Our final “reference standard” dataset for benchmarking includes 48 proteins, of which 10 are homodimeric, 1 is homotetrameric and the others are monomeric, according to the information of their biological assembly, derived from the indications in RCSB PDB database , from the literature associated to each structure and from visual inspection to solve ambiguities. In some cases, the multimeric proteins show only one chain in the PDB file: in these cases, we reconstructed the biological assembly by means of MakeMultimer.py tool, available at http://watcut.uwaterloo.ca/tools/makemultimer/. On the other hand, many monomeric proteins show more than one (identical) chain in their PDB file: in these cases, we decided to submit each chain independently for the prediction. For the monomeric proteins with more than one chain in their PDB files, we calculated the predictions separately for each chain, and then we averaged the value of ΔΔG for each mutation and predictor. For multimeric proteins, only MAESTROweb allows to calculate directly the effect of mutations on a protein composed by more than one chain. Therefore, we performed the prediction by using the appropriate settings for multimeric prediction available on the Web server, whereas for the other predictors we performed the predictions separately for each chain, and then summed the value of ΔΔG for each mutation and predictor.
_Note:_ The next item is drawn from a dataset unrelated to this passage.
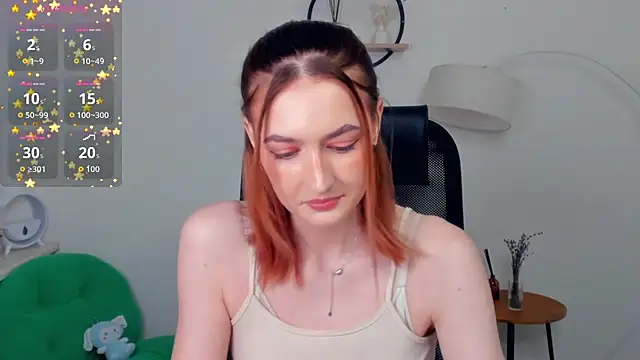 EasterBlink online show from 12/22/25, 08:47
Our reference dataset contains the effects of 1024 mutations introduced in the 48 proteins selected. We considered 585 mutations as “destabilizing” (ΔΔG < -0.5 kcal/mol), 168 as “slightly destabilizing” (− 0.5 ≤ ΔΔG < 0 kcal/mol), 103 as “slightly stabilizing” (0 < ΔΔG ≤ 0.5 kcal/mol), 147 as “stabilizing” (ΔΔG > 0.5 kcal/mol), and we also included in the dataset 21 mutations with ΔΔG = 0. Mutations affecting monomeric proteins are 759, mutations affecting multimeric proteins are 265.
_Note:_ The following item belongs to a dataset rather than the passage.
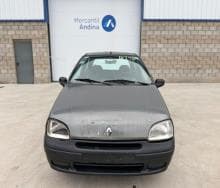 RENAULT CLIO RN 3 PTAS. SEDAN 3 PUERTA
From these data, it appears that the distribution of mutations with ΔΔG < 0 and ΔΔG > 0 is unbalanced; in particular, mutations with ΔΔG < 0 are three times those with ΔΔG > 0. Therefore, we derived two subsets of mutations, one for monomeric and one for multimeric proteins, well balanced for the distribution of ΔΔG, by keeping all stabilizing mutations and selecting an equal number of destabilizing mutations. The criteria to balance the dataset were: (1) ΔΔG distribution: we divided the dataset into ΔΔG ranges (in absolute value), and selected for each ΔΔG range an equal number of destabilizing and stabilizing mutations; (2) mutant protein: for each ΔΔG range, we selected destabilizing mutations coming from the same protein, or at least coming from proteins from the same structural family, as identified by the CATH code ; (3) type of mutation: for each ΔΔG range, we selected a balanced number of mutations of the same type (e.g. a mutation replacing a hydrophobic residue by a negatively charged one). These two subsets were used to assess the bias of the predictors towards destabilizing mutations.
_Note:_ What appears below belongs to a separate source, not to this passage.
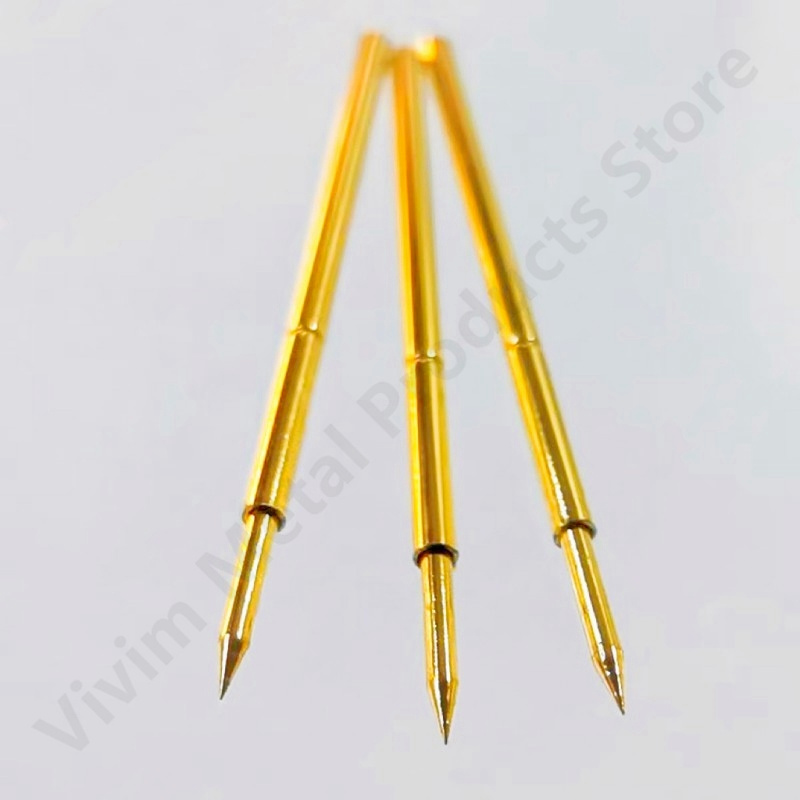 20/100 Stuks PA50-B1 20G Lente - Test Instruments recensie en prijs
The original dataset, the reference dataset and the two balanced subsets are provided as Additional file 13: File S1. A detailed analysis of our reference dataset composition in terms of type of proteins, type of mutations, distribution according to experimental ΔΔG, residue distribution, contributions of different proteins, structural features is reported in Additional file 14: File S2.
As reported in Table 1, the datasets used for training all the predictors include, or are derived, from the so-called "S2648 dataset", made of 2648 different point-mutations (602 stabilizing and 2046 destabilizing) across 131 globular proteins with experimentally determined structures and impact on protein stability, extracted from ProTherm (freely available at the VariBench database suite  (http://structure.bmc.lu.se/VariBench/stability.php; Dataset 10). This dataset was originally developed in 2009 to train a previous version of PoPMuSiC and therefore is less curated than the one we used to assess the performances of the predictors. Our dataset includes 28 proteins (out of 48) and 641 mutations (out of 1024) in common with the S2648 dataset (Additional file 14: File 2 details also this information). However, as we pointed out previously, in our dataset all chains included in the PDB files of the 28 proteins were taken into account, whereas only the first chain of the PDB file was taken as reference in S2648 dataset. Moreover, in our dataset multimeric proteins were considered in their quaternary assembly, whereas in the S2648 dataset all proteins were treated as monomeric. For these reasons, our dataset cannot be considered truly overlapping the S2648 dataset.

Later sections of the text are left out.